Here are 5 things you need to know.

- May 26, 2020

Last week, President Trump attacked voting by mail, threatening to withhold federal funds from Michigan and Nevada if they expand such voting to help slow the pandemic — arguing, without evidence, that doing so increases fraud. Meanwhile, Sens. Amy Klobuchar and Ron Wyden have introduced a bill to expand vote-by-mail in federal elections so that, as they wrote in The Washington Post, no one should “have to choose between casting a ballot and protecting their health.” Meanwhile, older Minnesota voters and citizens in Texas lacking immunity or otherwise fearing coronavirus infections have filed lawsuits asserting that since voting in person is currently dangerous, they should have a right to mail voting.

Is there a right to vote by mail? So far, no — but that could change. Here is what the law says.
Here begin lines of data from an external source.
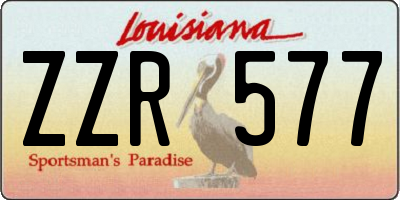 LA license plate ZZR577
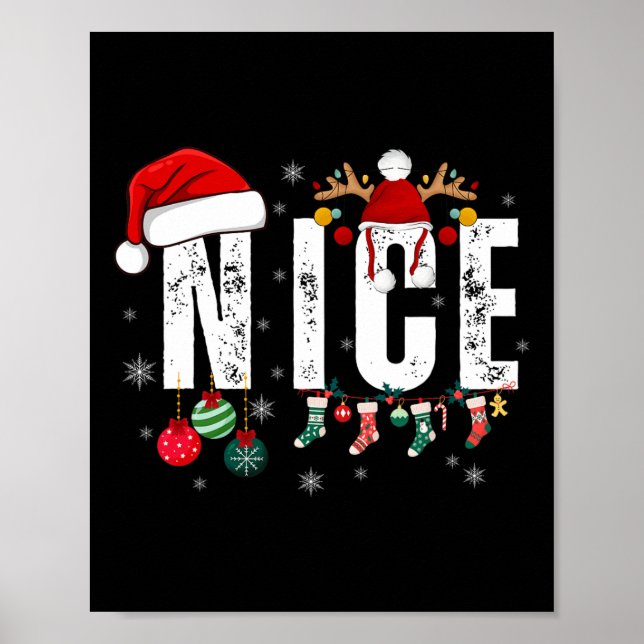 Naughty eller Nice Matchande julkostumma Par Poster (Framsidan)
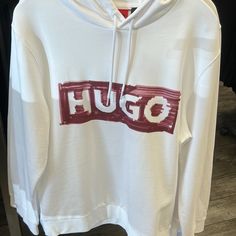 100% Authentic Hugo By Hugo Boss Hoodie / Hoody - Nwt New With Tag Never Worn Pet And Smoke Free Ships Next Day 5 Star Seller No Trade Made In Peru 50509010 Casual White Outerwear With Logo Print, White Hooded Top With Logo Print, White Crewneck, Hugo Boss Man, Mens Plaid, Wool Blend Sweater, Black Logo, Full Zip Hoodie, Mens Polo Shirts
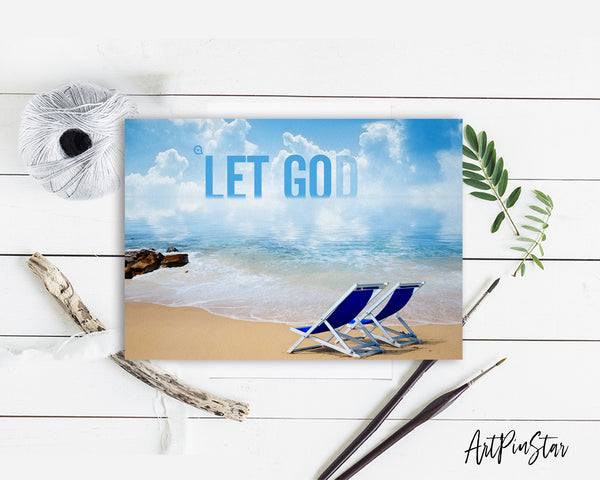 Let go and let Bible Verse Customized Greeting Card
Is there a right to vote? Yes and no.

This is a complicated question. Nowhere does the original Constitution or Bill of Rights expressly state that there’s a right to vote. Originally, state legislatures chose senators and members of the electoral college, who chose a president. The states were left to decide who had a right to cast a ballot.

Over time, court decisions and constitutional amendments have changed that, expanding the right to vote. In 1941, the Supreme Court found that the Constitution’s Article I, Section 2 gives citizens a right to vote for members of the House of Representatives. In 1966, the court declared the First Amendment protects a right to vote in state and local elections. The 15th, 19th and 26th amendments made it unconstitutional to deny the right to vote on the basis of race (1870), sex (1920) or age (1971). The 17th and 24th amendments have given people the right to vote for their U.S. senators (1913) and banned poll taxes (1964). And the 1965 Voting Rights Act expanded voting rights for people of color.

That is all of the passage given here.